■ What to work on:
Every record below is to be copied exactly, with its images omitted.

----------------

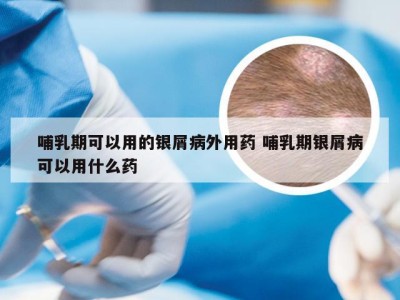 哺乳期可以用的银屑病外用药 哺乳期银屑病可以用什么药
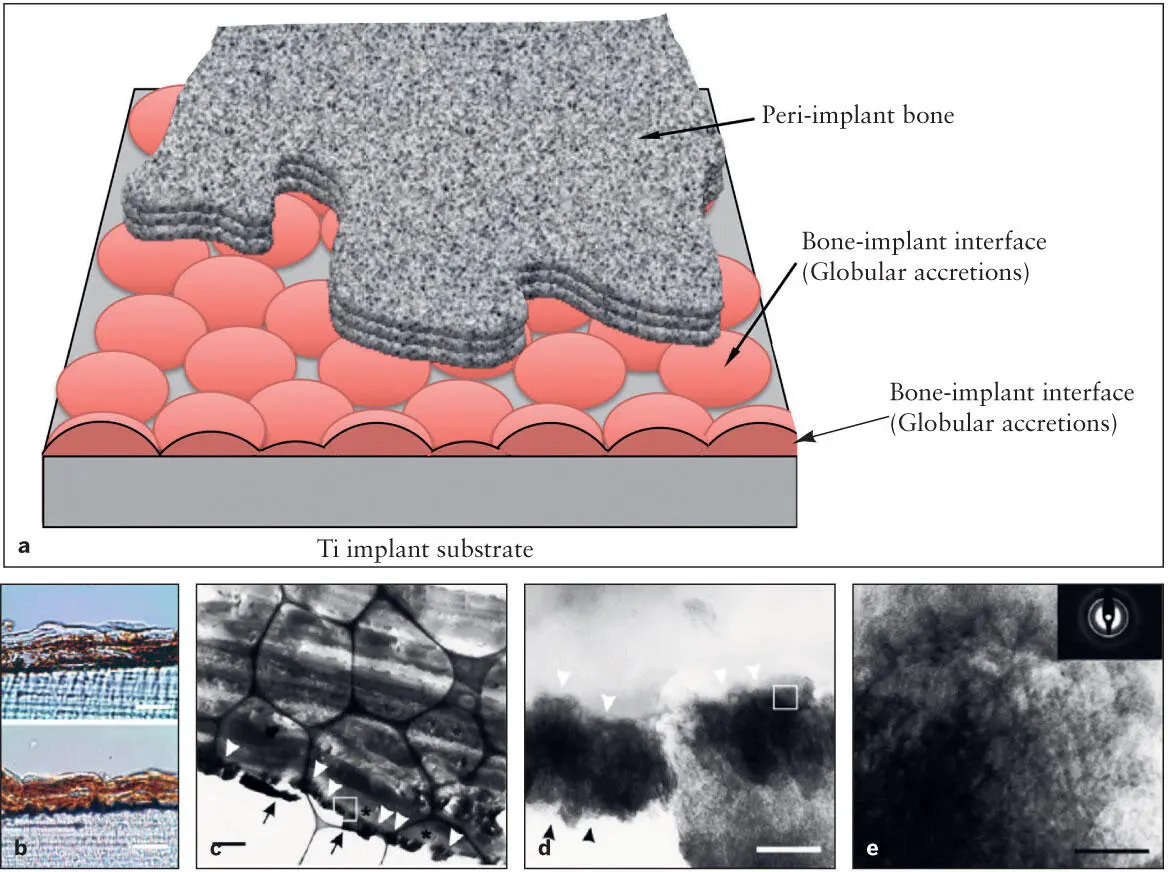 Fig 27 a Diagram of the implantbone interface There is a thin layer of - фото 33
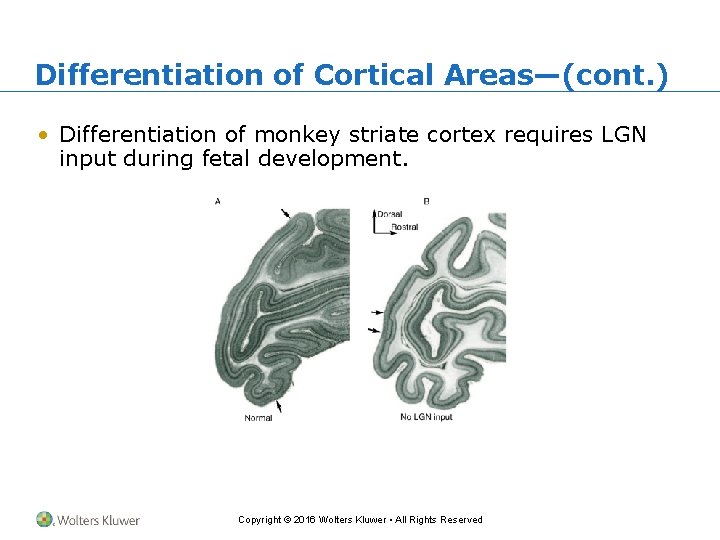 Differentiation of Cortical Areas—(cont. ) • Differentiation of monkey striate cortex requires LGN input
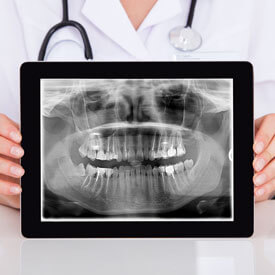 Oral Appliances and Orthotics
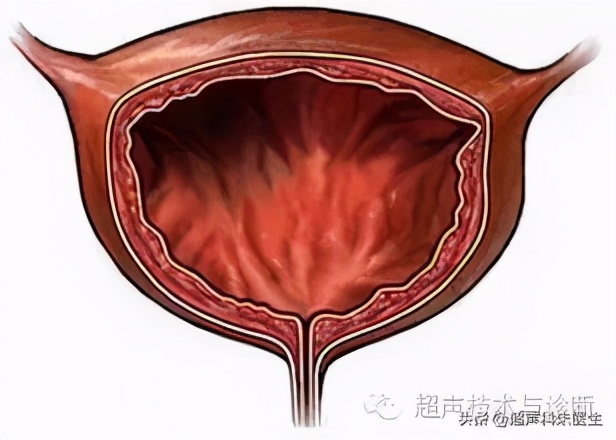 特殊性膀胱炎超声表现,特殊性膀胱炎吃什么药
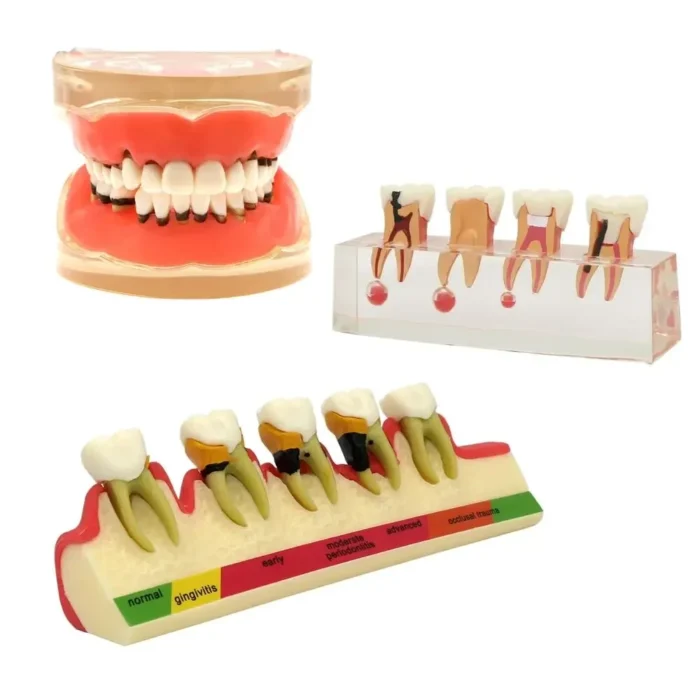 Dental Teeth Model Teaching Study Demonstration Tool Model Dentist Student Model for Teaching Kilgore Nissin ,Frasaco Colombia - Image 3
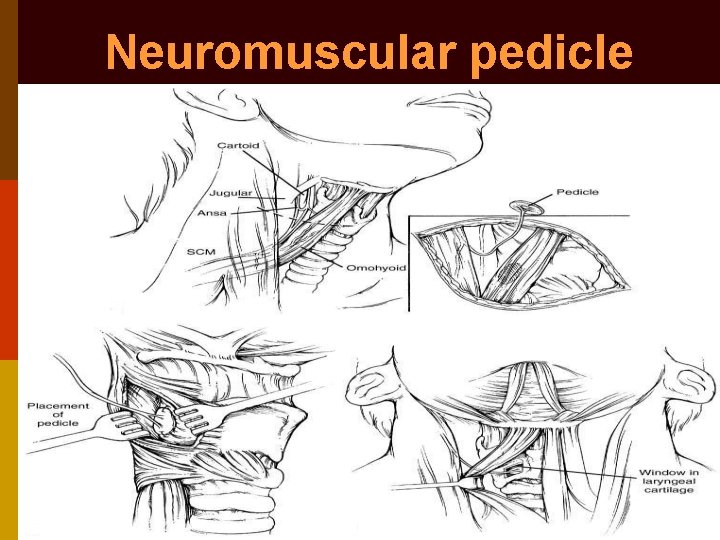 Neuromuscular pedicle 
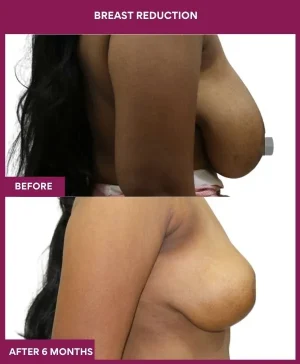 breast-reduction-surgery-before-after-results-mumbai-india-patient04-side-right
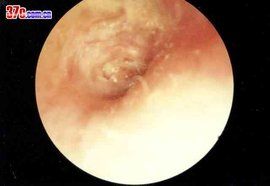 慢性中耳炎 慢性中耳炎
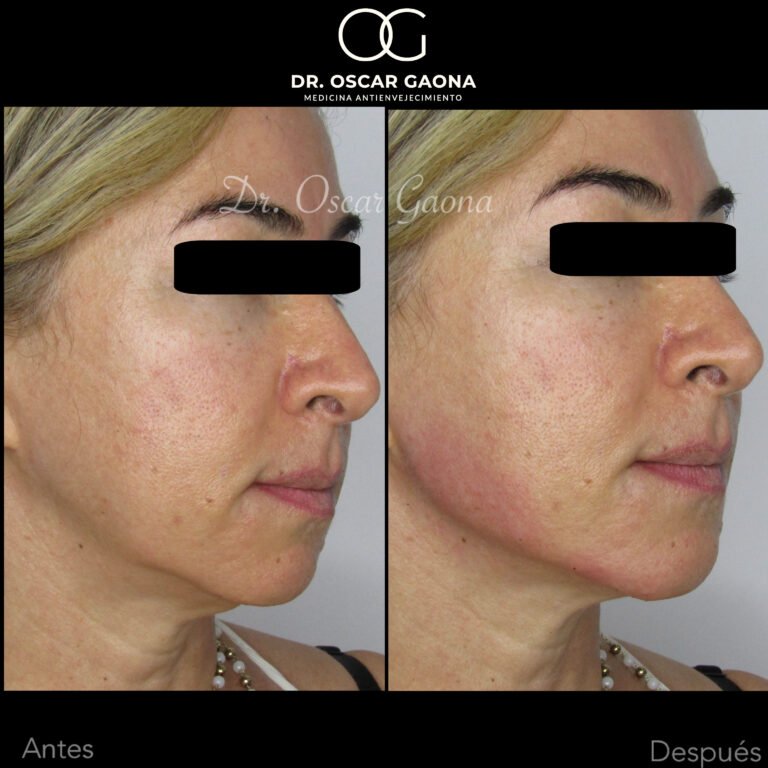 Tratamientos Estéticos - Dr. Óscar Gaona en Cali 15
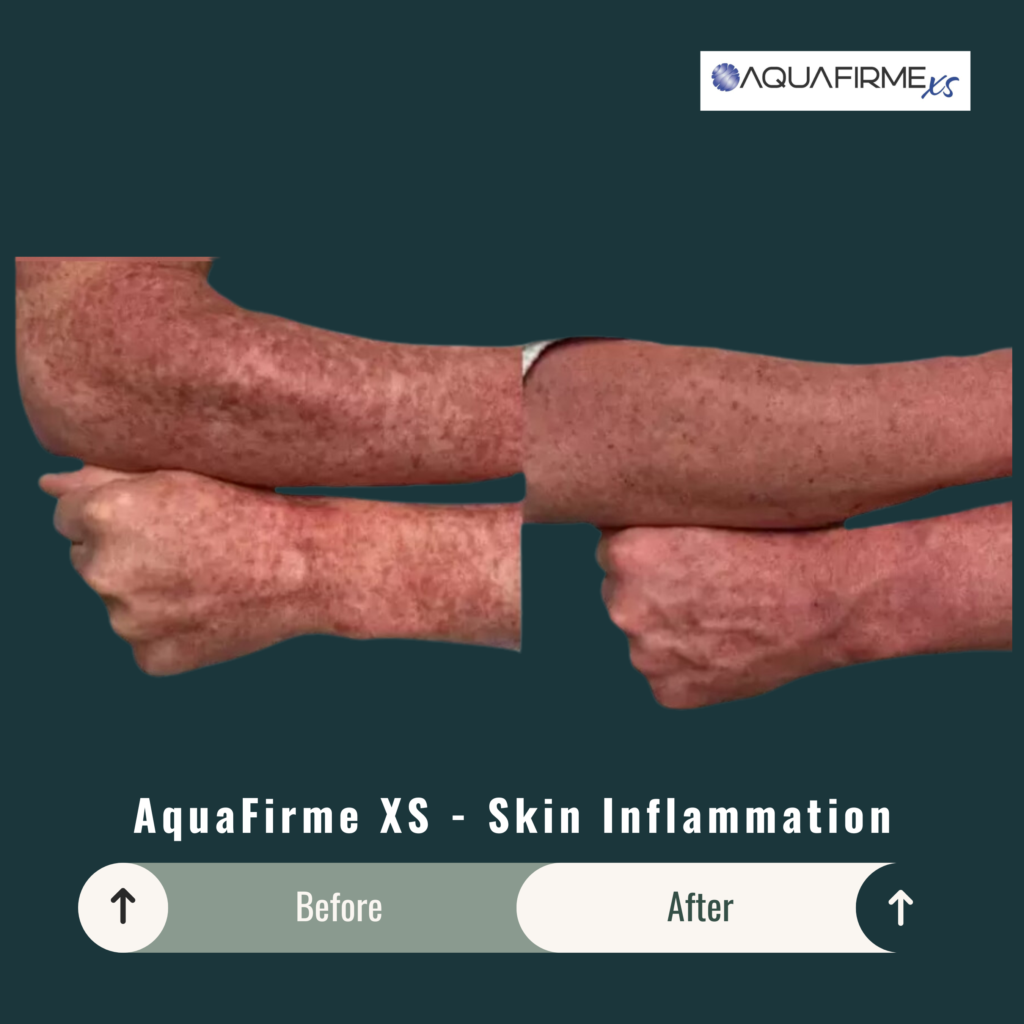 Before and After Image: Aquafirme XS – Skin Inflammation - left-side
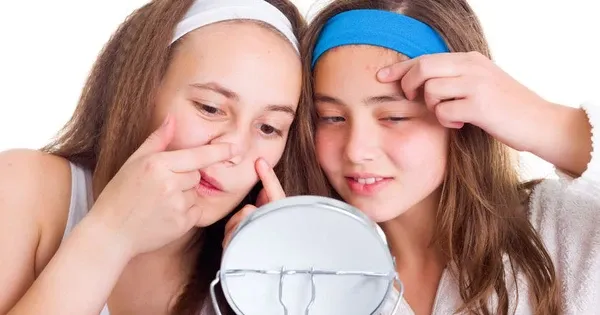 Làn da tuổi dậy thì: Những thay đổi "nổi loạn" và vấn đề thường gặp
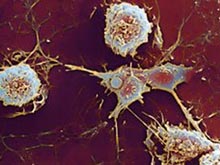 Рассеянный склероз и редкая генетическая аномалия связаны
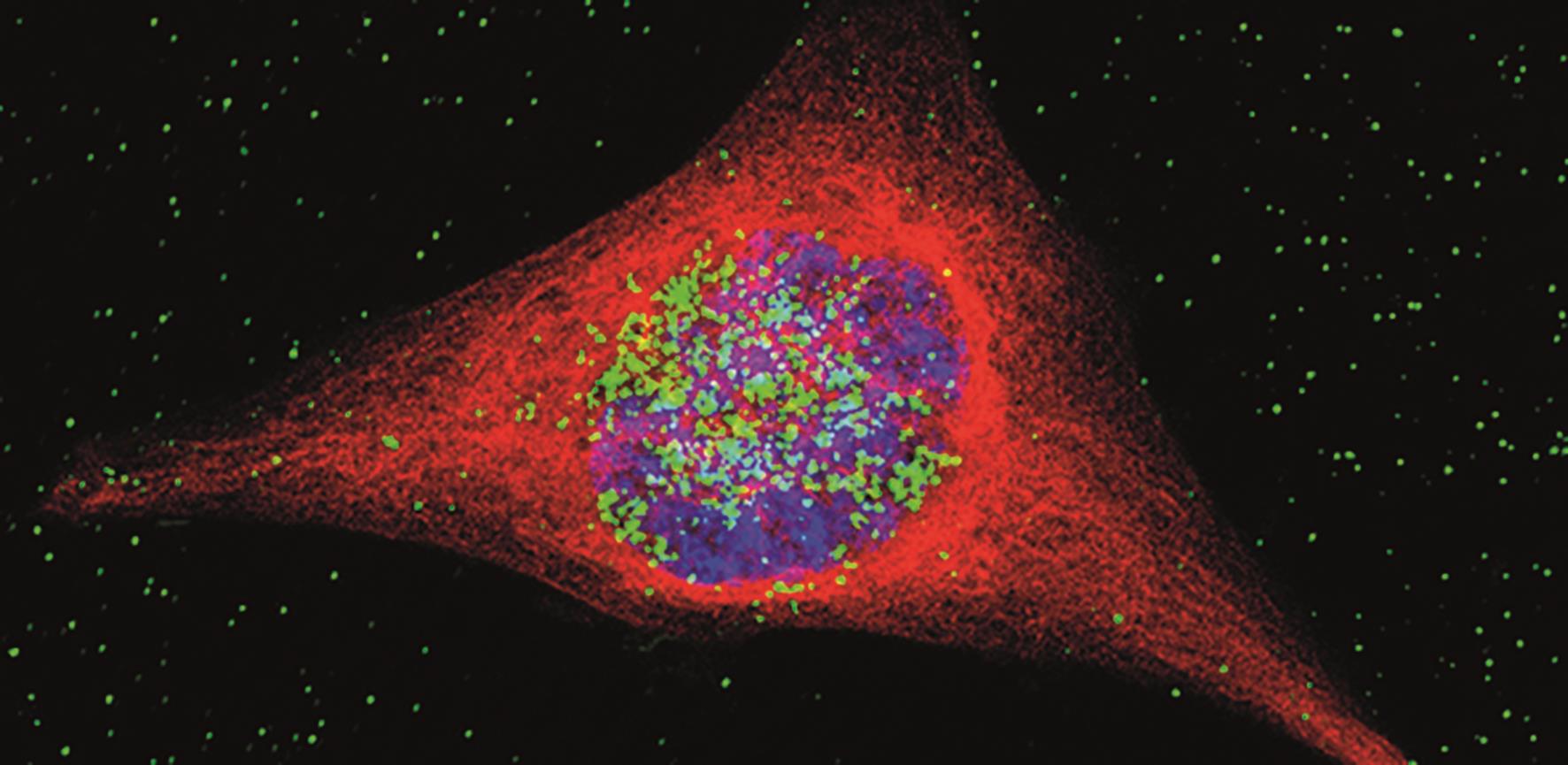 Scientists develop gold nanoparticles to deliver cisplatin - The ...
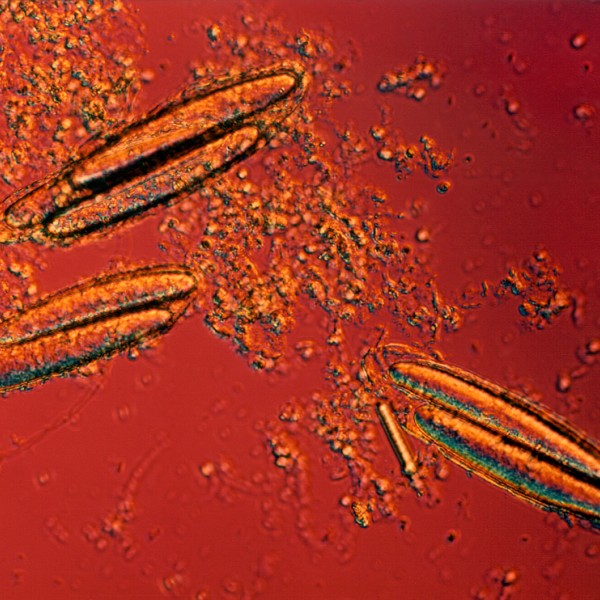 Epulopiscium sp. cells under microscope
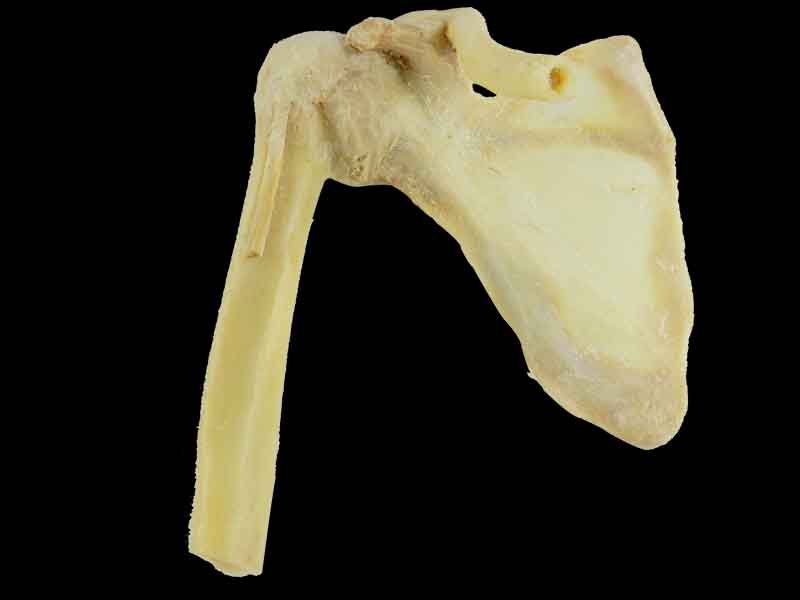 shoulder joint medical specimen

----------------

■ Exercise response:
 哺乳期可以用的银屑病外用药 哺乳期银屑病可以用什么药
 Fig 27 a Diagram of the implantbone interface There is a thin layer of - фото 33
 Differentiation of Cortical Areas—(cont. ) • Differentiation of monkey striate cortex requires LGN input
 Oral Appliances and Orthotics
 特殊性膀胱炎超声表现,特殊性膀胱炎吃什么药
 Dental Teeth Model Teaching Study Demonstration Tool Model Dentist Student Model for Teaching Kilgore Nissin ,Frasaco Colombia - Image 3
 Neuromuscular pedicle 
 breast-reduction-surgery-before-after-results-mumbai-india-patient04-side-right
 慢性中耳炎 慢性中耳炎
 Tratamientos Estéticos - Dr. Óscar Gaona en Cali 15
 Before and After Image: Aquafirme XS – Skin Inflammation - left-side
 Làn da tuổi dậy thì: Những thay đổi "nổi loạn" và vấn đề thường gặp
 Рассеянный склероз и редкая генетическая аномалия связаны
 Scientists develop gold nanoparticles to deliver cisplatin - The ...
 Epulopiscium sp. cells under microscope
 shoulder joint medical specimen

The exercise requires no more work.